### Problem requirements:
Would you give the listing back word for word once its pictures are removed?

*** Opening of Records provided ***

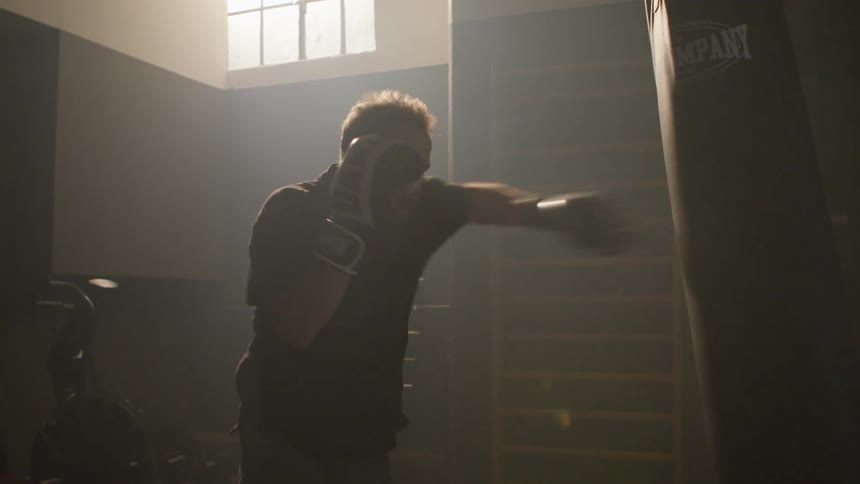 A man is boxing in an empty room indoors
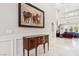Bright hallway with marble floors and artwork, leading to living areas with comfortable seating and natural light at 2338 Dolphin Ct, Henderson, NV 89074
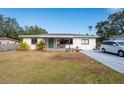 A renovated single story home with a covered porch and well maintained lawn at 1344 Springdale St, Clearwater, FL 33755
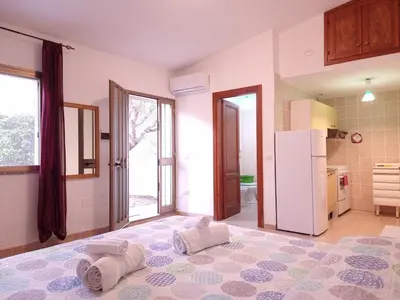 Letto o letti in una camera di Residenze Solemar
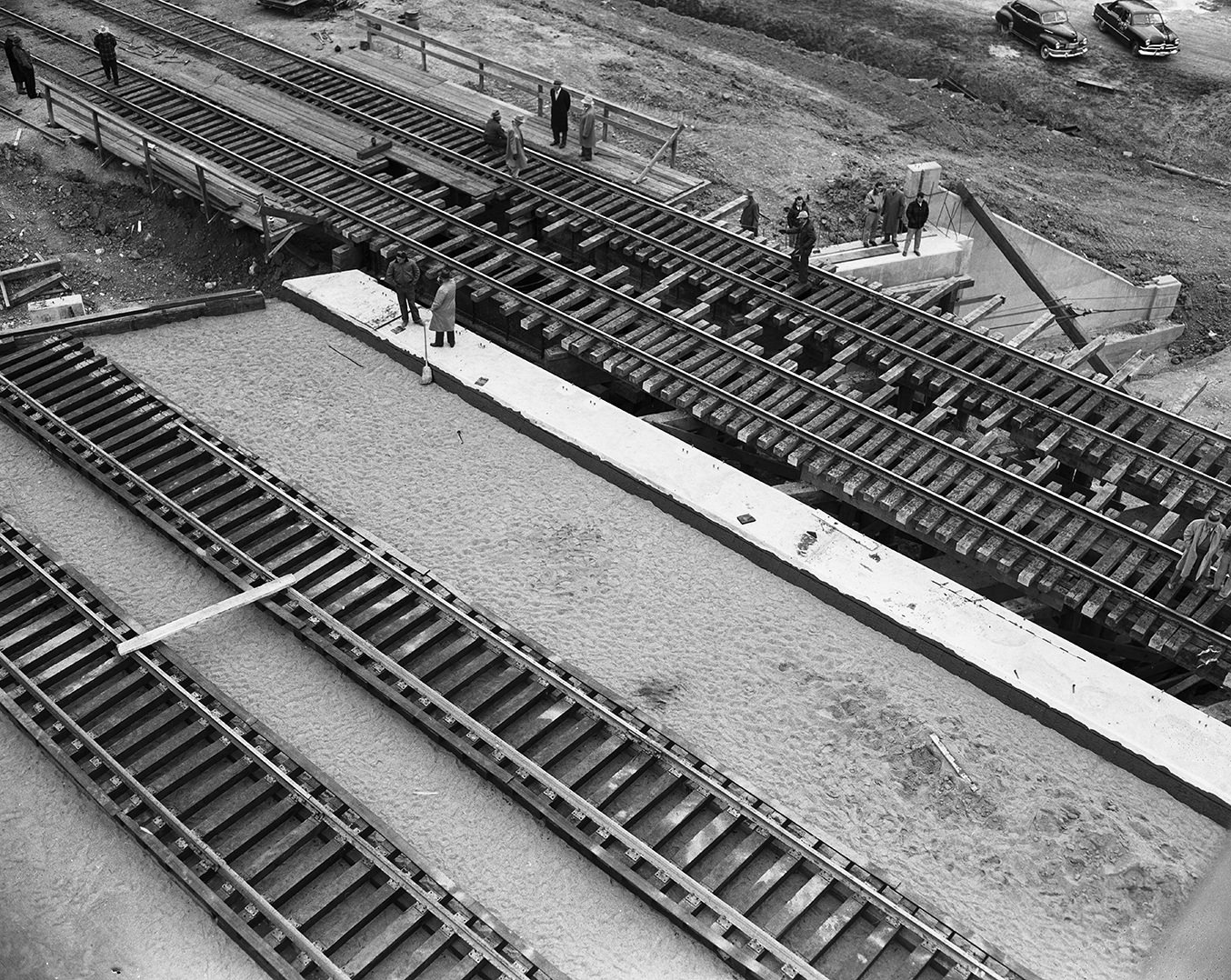#104 New steel platform being skidded under the Texas & Pacific Railway tracks in Trinity Park, 1950.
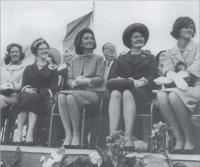 The President's wife, Jacqueline (centre) and his sister, Jean, now US Ambassador to Ireland (right) on the review platform at New Ross. The protocol division of the Dept. of External Affairs made known its displeasure at the original proposal to build one to accomodate 2,000 people, with an admittance charge of ten shillings.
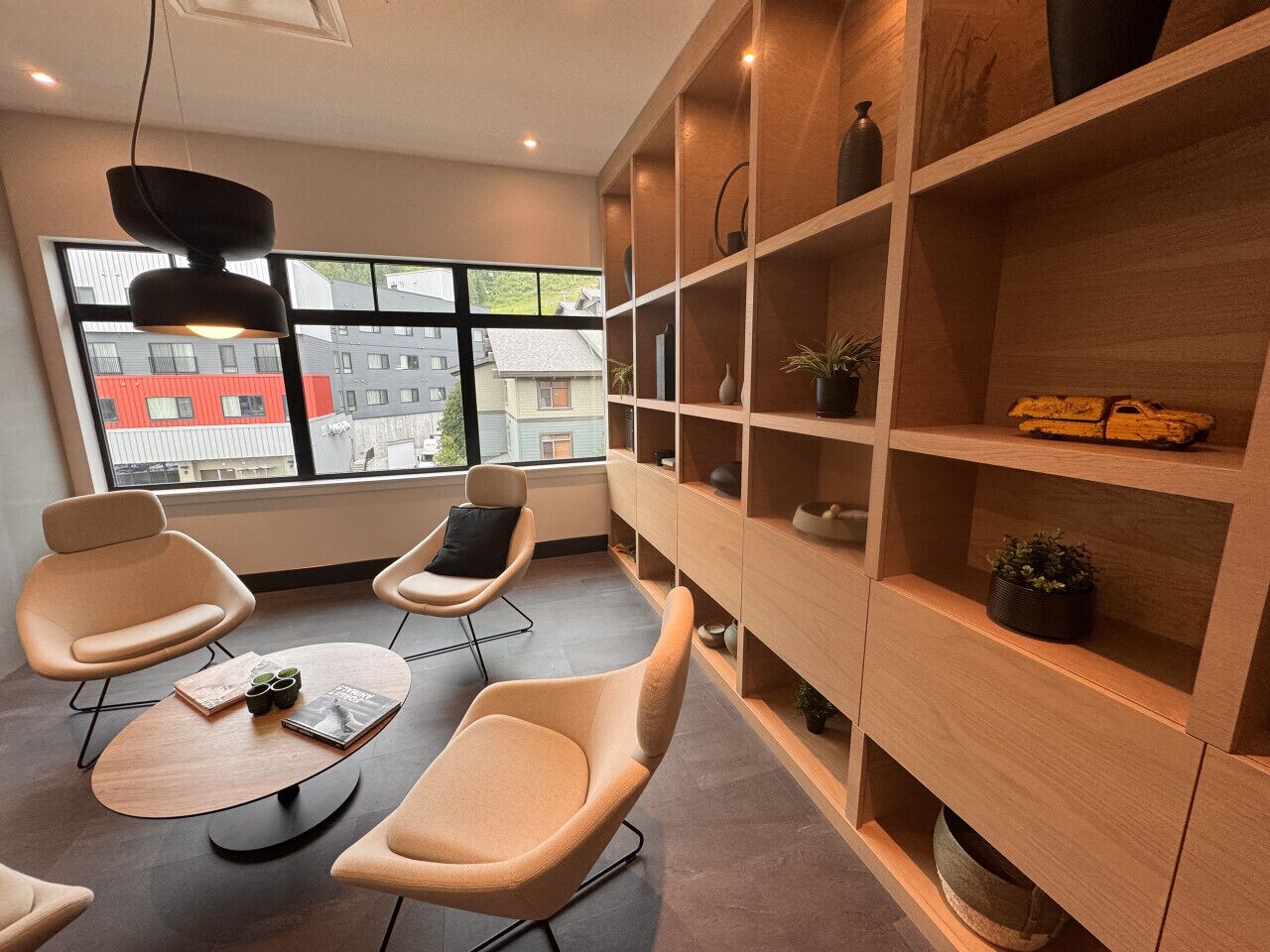 A modern interior with two beige chairs, a wooden coffee table, and a built-in wooden shelving unit with decorative items.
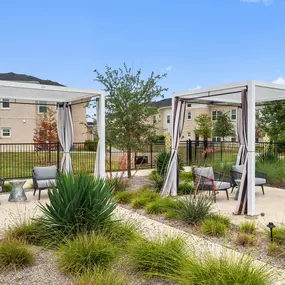 Poolside cabanas with seating at Camden Leander apartments in Leander, Tx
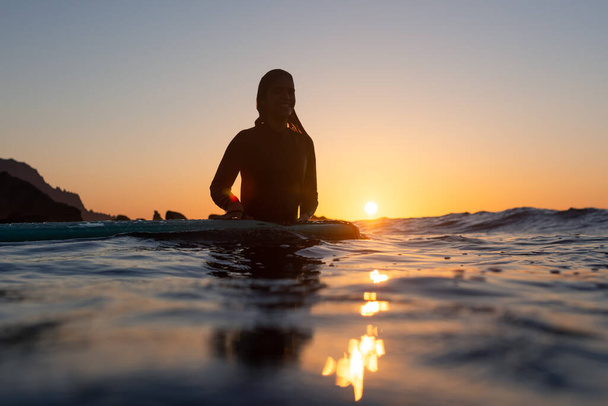 Surfer meisje wacht op een golf in het water bij zonsondergang. Hoge kwaliteit foto - Foto, afbeelding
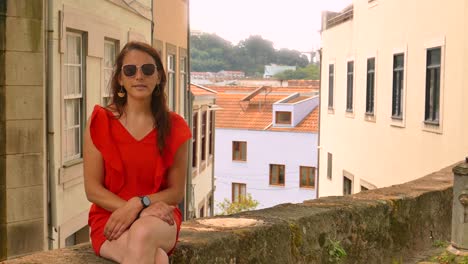 Beautiful-woman-with-red-dress-sitting-in-historic-place-in-Porto,-Portugal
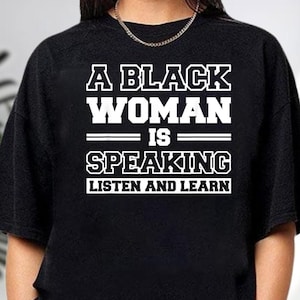 May include: Black sweatshirt with the text "A BLACK WOMAN IS SPEAKING LISTEN AND LEARN" in white block letters. The text is centered on the chest of the shirt. The shirt has a crew neck and long sleeves.
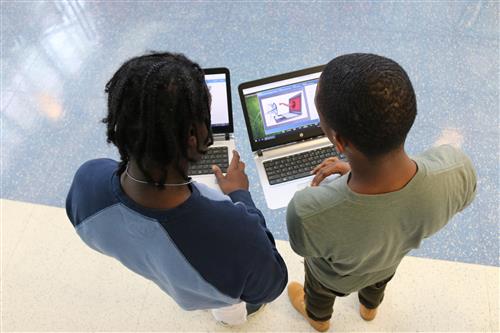 Two students on laptops  in a hallway 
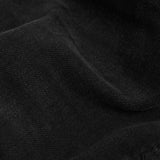 A close-up shot of the soft, broken-in black denim fabric of The Jeans Regular Fit from c'est normal.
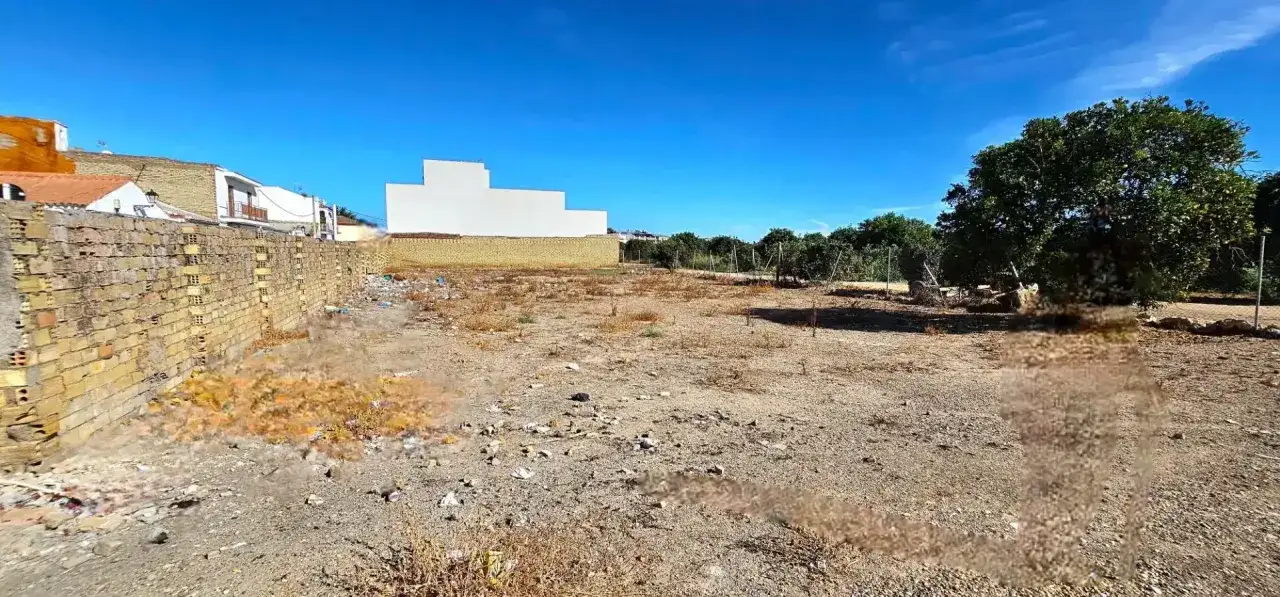 Un terreno es un bien inmueble con una pared de ladrillos, casas al fondo y &aacute;rboles.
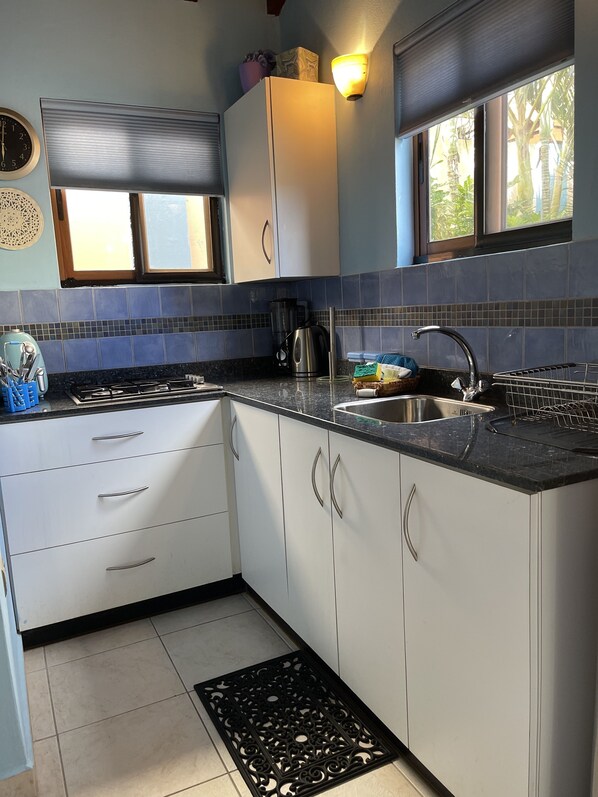 Microwave, coffee/tea maker, cookware/dishes/utensils, paper towels
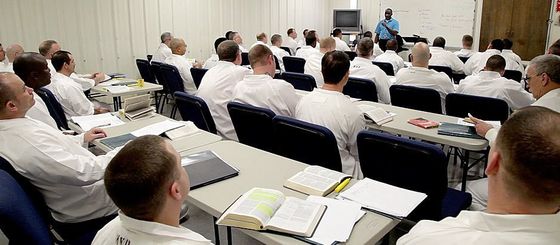 Inmates at a class learning about substance abuse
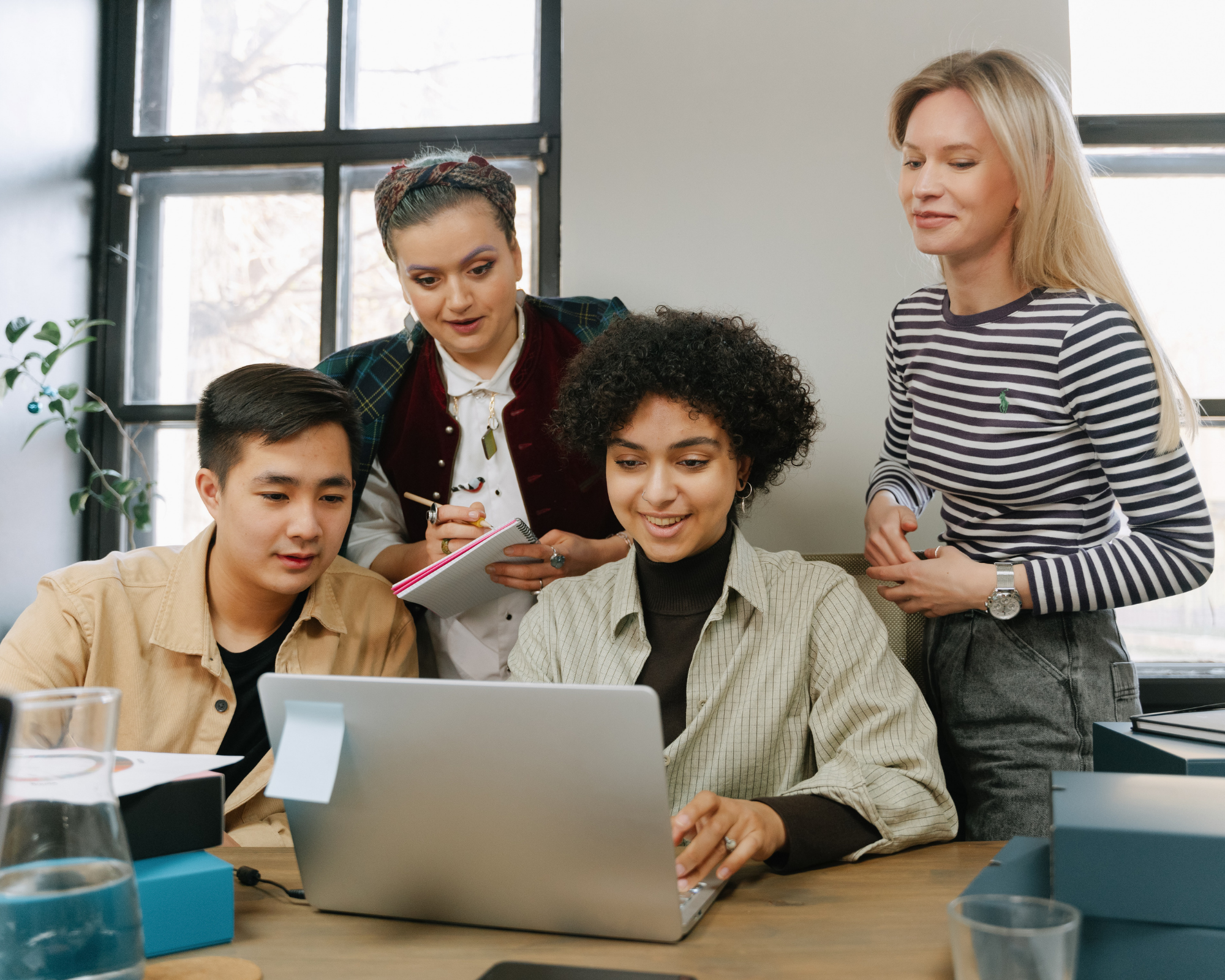 A team of mental health marketing specialists working together around a laptop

*** Close of Records provided ***

### Solution to the problem:
 A man is boxing in an empty room indoors
Bright hallway with marble floors and artwork, leading to living areas with comfortable seating and natural light at 2338 Dolphin Ct, Henderson, NV 89074
 A renovated single story home with a covered porch and well maintained lawn at 1344 Springdale St, Clearwater, FL 33755
 Letto o letti in una camera di Residenze Solemar
#104 New steel platform being skidded under the Texas & Pacific Railway tracks in Trinity Park, 1950.
 The President's wife, Jacqueline (centre) and his sister, Jean, now US Ambassador to Ireland (right) on the review platform at New Ross. The protocol division of the Dept. of External Affairs made known its displeasure at the original proposal to build one to accomodate 2,000 people, with an admittance charge of ten shillings.
 A modern interior with two beige chairs, a wooden coffee table, and a built-in wooden shelving unit with decorative items.
 Poolside cabanas with seating at Camden Leander apartments in Leander, Tx
 Surfer meisje wacht op een golf in het water bij zonsondergang. Hoge kwaliteit foto - Foto, afbeelding
 Beautiful-woman-with-red-dress-sitting-in-historic-place-in-Porto,-Portugal
 May include: Black sweatshirt with the text "A BLACK WOMAN IS SPEAKING LISTEN AND LEARN" in white block letters. The text is centered on the chest of the shirt. The shirt has a crew neck and long sleeves.
 Two students on laptops  in a hallway 
 A close-up shot of the soft, broken-in black denim fabric of The Jeans Regular Fit from c'est normal.
 Un terreno es un bien inmueble con una pared de ladrillos, casas al fondo y &aacute;rboles.
 Microwave, coffee/tea maker, cookware/dishes/utensils, paper towels
 Inmates at a class learning about substance abuse
 A team of mental health marketing specialists working together around a laptop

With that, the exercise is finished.